You can use whatever zip ties you have on hand to make them as long as you want. Run one through another and keep going until you get the right length, then zip the lat two together.

That may not make much sense but get a few of them and try it to see how it works.


----------



## David_AVD (Jul 27, 2011)

This year I bought some reusable zip ties for securing items to posts, cable management, etc. When it came time to pull the display down, I just pressed the little tabs on them and they released. You can also link them to reach around larger items, just like regular zip ties.


----------



## UnOrthodOx (Apr 24, 2007)

I've moved to jute twine for 90% of my lashings. Not only is it biodegradable, it's cheaper and available just about anywhere. Gas station, neighborhood grocer, etc. If I ever run out it's not a special trip to the hardware store. Virtually invisible in the more rustic decor 

Just about the pumpkin here, a bunch of twine holding the pallet and arch to a hidden 2" rebar behind both. 
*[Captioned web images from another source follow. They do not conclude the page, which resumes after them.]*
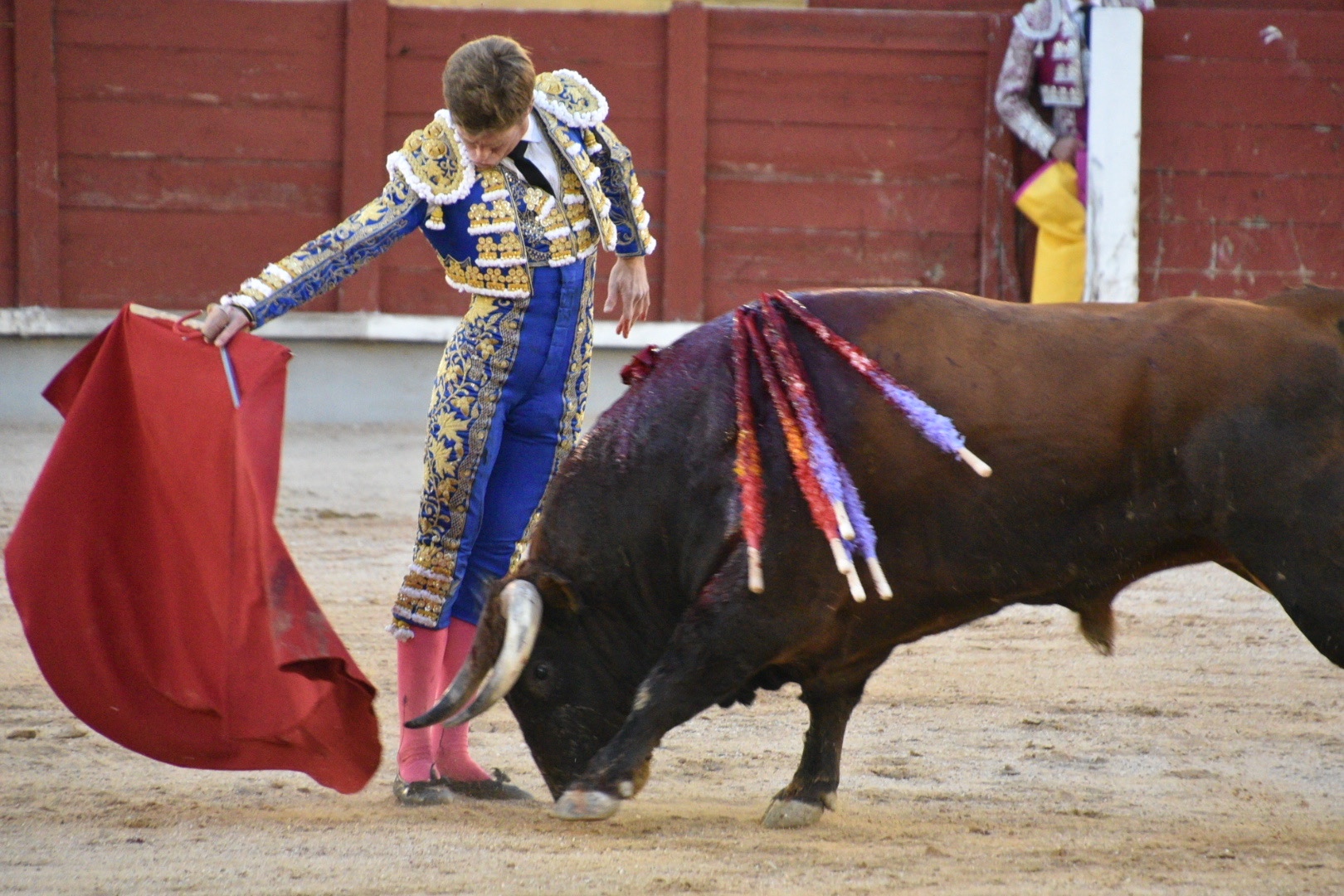 Imagen 14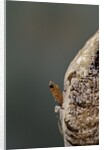 Mantis religiosa (praying mantis) - hatching by Anonymous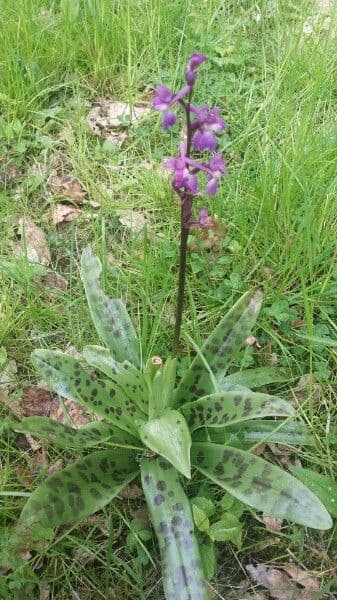 Stattliches Knabenkraut 25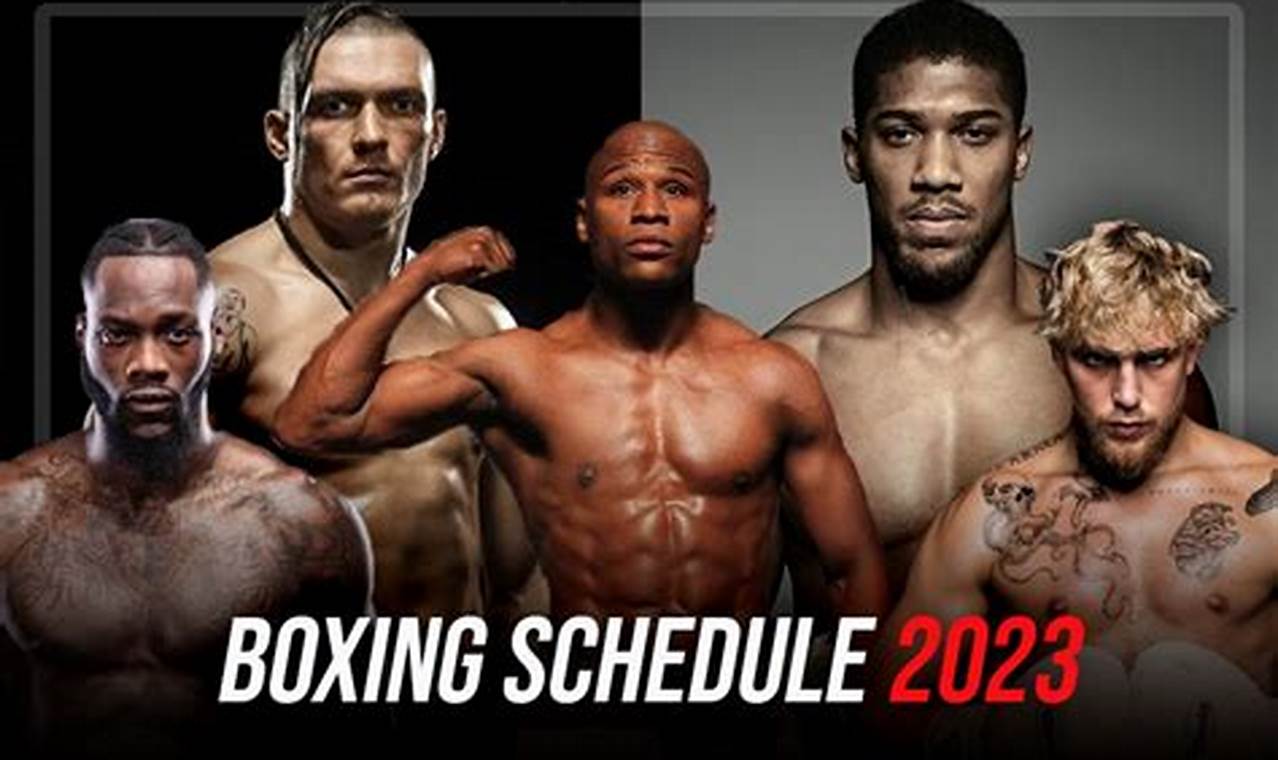 Biggest Boxing Fights 2024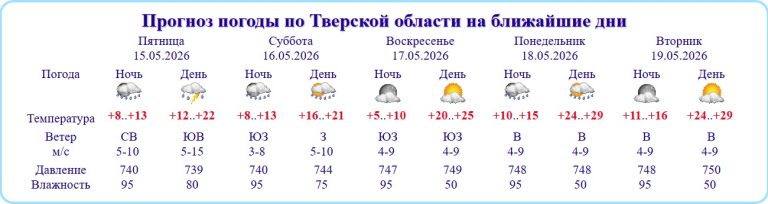 Жителей Тверской области предупредили об аномальной жаре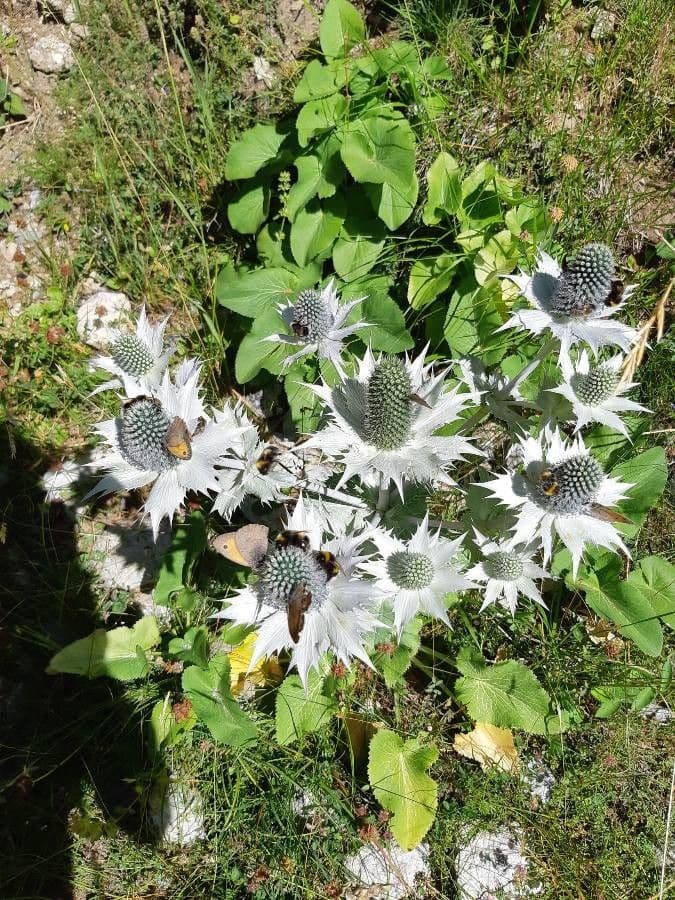 Panicaut géant 18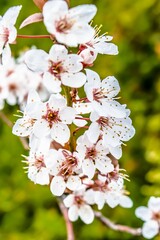 tree blossom
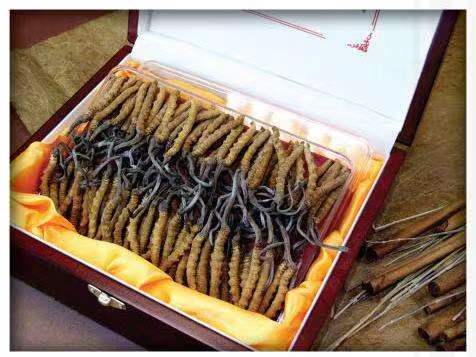 昂仁冬虫夏草回收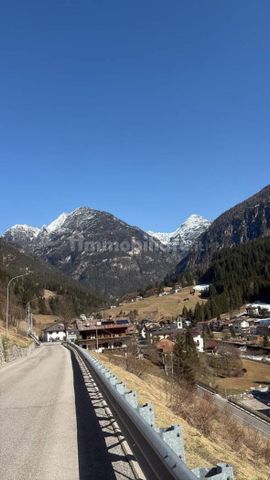 Trilocale via Cella, Auronzo, Auronzo di Cadore - Photo 3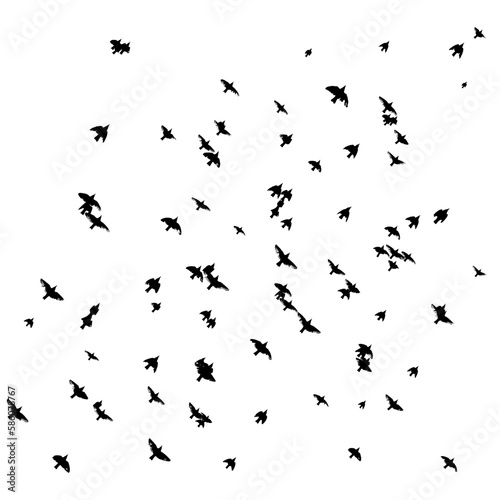 A flock of flying birds. Free birds. Vector illustration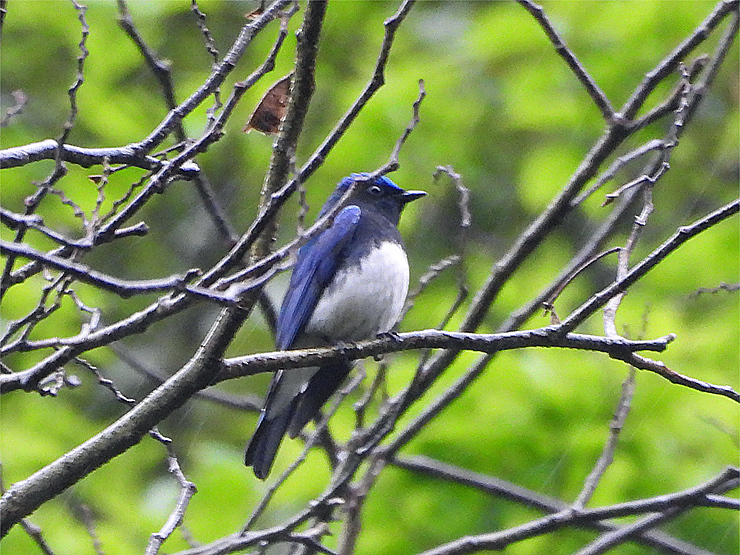 birdwatching in 大森②_f0214649_19000255.jpg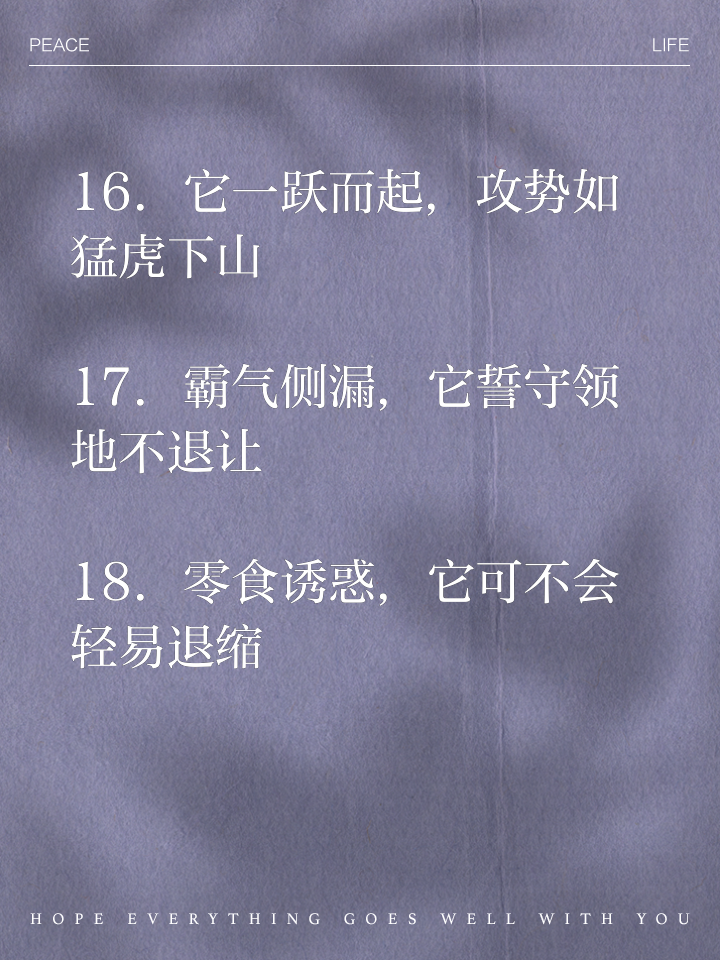 开云APP-包含双方对峙！半场战况悬而未决，胜负未定的词条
I finally broke down this year and gave up on the rebar, bamboo posts, and step in supports and just got T-posts and a post driver after the wind blew down a lot of things. Other than my 2" rebar for heavy support, these things come in various heights, and seem to hold up to just about everything if you can camouflage them. 



https://www.lowes.com/pd/Common-3-in-x-6-ft-Actual-1-4-in-x-3-in-x-6-ft-T-Post-W-P-1-25-6-Ft-0-In-GRN-UPC-Green-Steel-Farm-Fence-T-Post-Post/4758566


----------



## UnOrthodOx (Apr 24, 2007)

matrixmom said:


> I use this camera light (dont attach to camera!) when taking photos of my haunt outside. I put my dslr on a tripod and use this in different angles- really makes things pop without making it harsh. You can point the light up down, backwards and bounce off a wall for different effects. It also has colored filters. It also great when you are taking quick video or other photos to see the details, without destroying the scene.
> View attachment 726320


So, just steady on or are you using the hotshoe as a flash? 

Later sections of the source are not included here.